Tutti hanno voluto che quel ruolo fosse calpestato,umiliato e svilito!
Gli insegnanti sono pericolosi,lavorano per la formazione di menti critiche e libere, di teste pensanti...ma è proprio questo che non si vuole!


Sempre vigili
Bullismo in gita, 14 sospesi. Le mamme: scuola esagerata, il castigo è eccessivo

A Cuneo il caso in un liceo: ragazzo denudato, deriso e “addobbato con delle caramelle. I genitori: perderanno l’anno. La preside replica: “Non era uno scherzo, l’episodio è grave”

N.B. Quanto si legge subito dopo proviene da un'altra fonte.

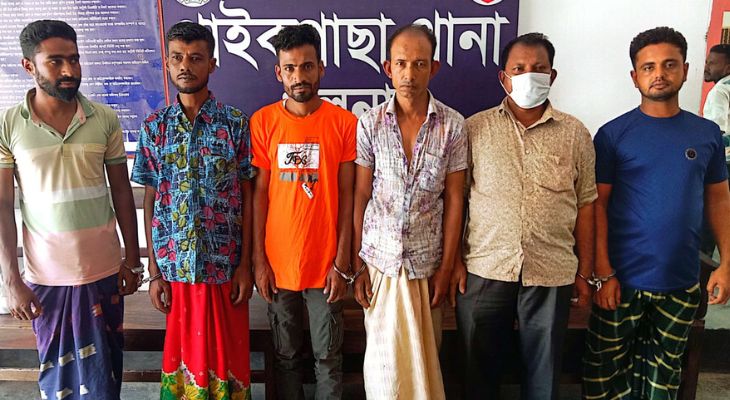 পাইকগাছায় পরোয়ানাভুক্ত ৬ আসামিসহ আটক ৭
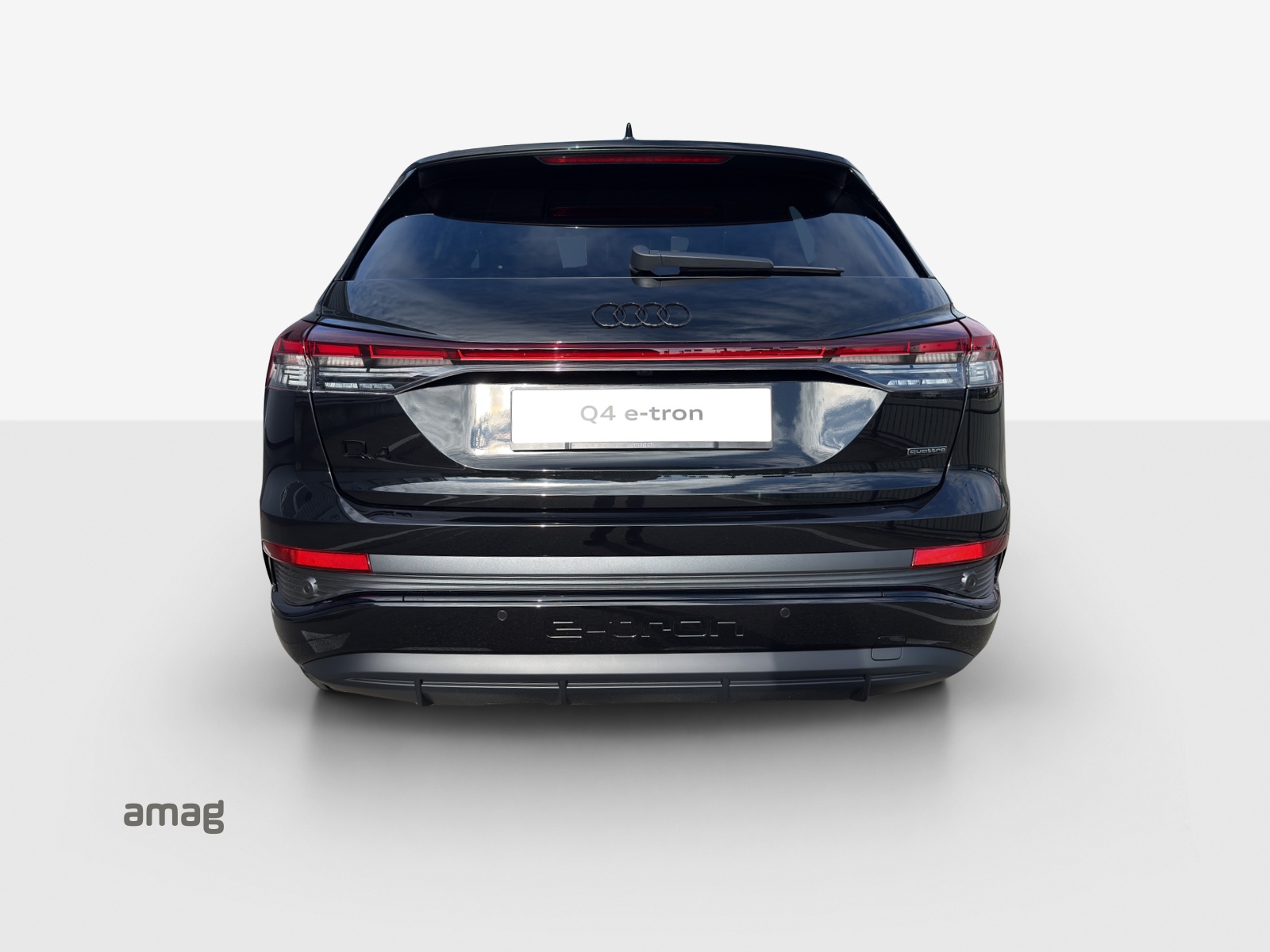 AUDI Q4 e-tron 45 Attraction quattro-image-3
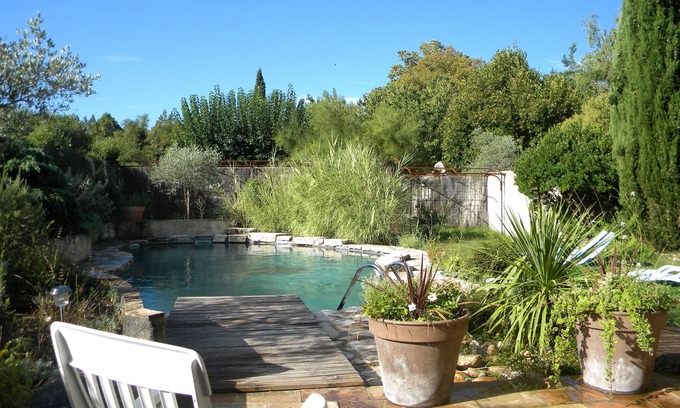 Saint-Jean-de-Maruejols-et-Avejan Cottage | Les gites de la guinguette, 2 gites 2 persons with swimming pool near Barjac
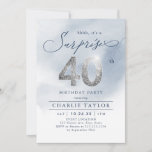 Invitation Parties scintillant moderne argent surprise adulte<br><div class="desc">Modern Shhh, c'est une surprise 40e anniversaire invitation de fête comprend script élégant et faux argent numéro de parties scintillant 40 et vos détails de fête sur aquarelle bleu poussiéreux arrière - plan, simple et élégant, grande surprise adulte invitation d'anniversaire d'anniversaire pour les hommes et les femmes. la couleur noire...</div>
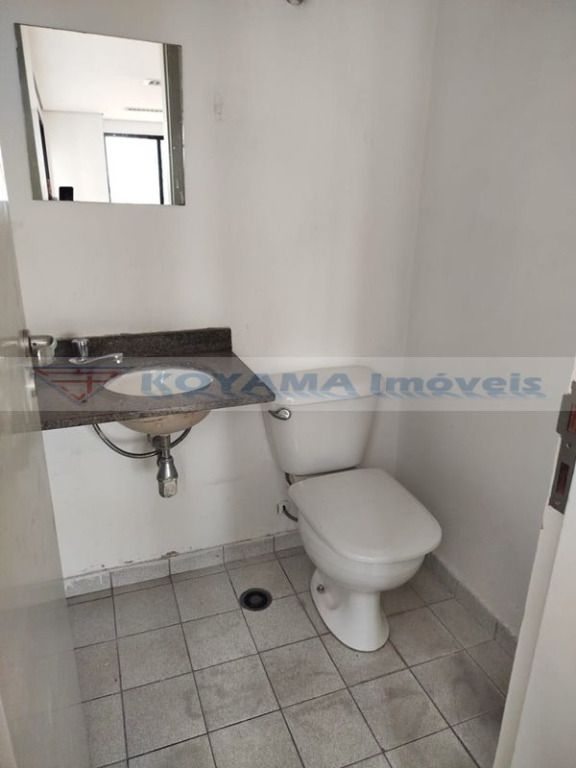 Sala para aluguel no Saúde: 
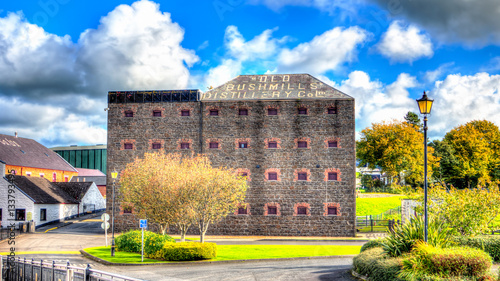 Cuadro en lienzo Hight Definition Range photo of the old bushmills whisky distillery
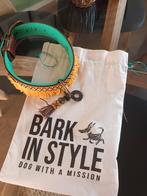 Halsband Dog With A Mission maat L, Dieren en Toebehoren, Ophalen of Verzenden, Zo goed als nieuw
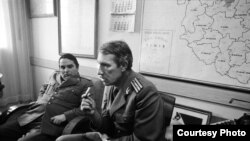 La Timișoara în zilele revoluției cu lt.col. Damian și maiorul Viorel Oancea (Foto: Bernd Markowsky)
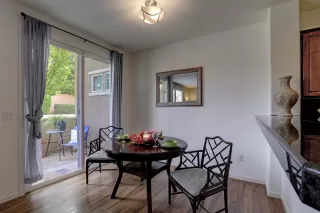 Photo #5: 221114160 Listing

Bullismo, in un liceo di Cuneo sospesi 14 ragazzi

LORENZO BORATTO, GIANNI MARTINI

CUNEO

Gita scolastica a Roma. È notte. Quindici studenti si danno appuntamento in una delle stanze d’albergo all’insaputa dei professori. Ci sono maschi e femmine, hanno 15 e 16 anni. Giocano, discutono, ridono. Uno di loro viene preso di mira: battute, vestiti che volano e, quando è nudo, la rasatura dei peli. Spuntano le caramelle, i marshmallow, utilizzati come addobbo indecoroso sul ragazzo che è sdraiato sul letto. Lui è stanco, forse hanno bevuto, vuole essere lasciato in pace. Uno dei compagni utilizza il cellulare della vittima e inizia a filmare. La scena non dura molto ma, al ritorno a Cuneo, la ripresa inizia a circolare in tante classi del liceo, finisce tra le mani di un professore e dei genitori del ragazzo.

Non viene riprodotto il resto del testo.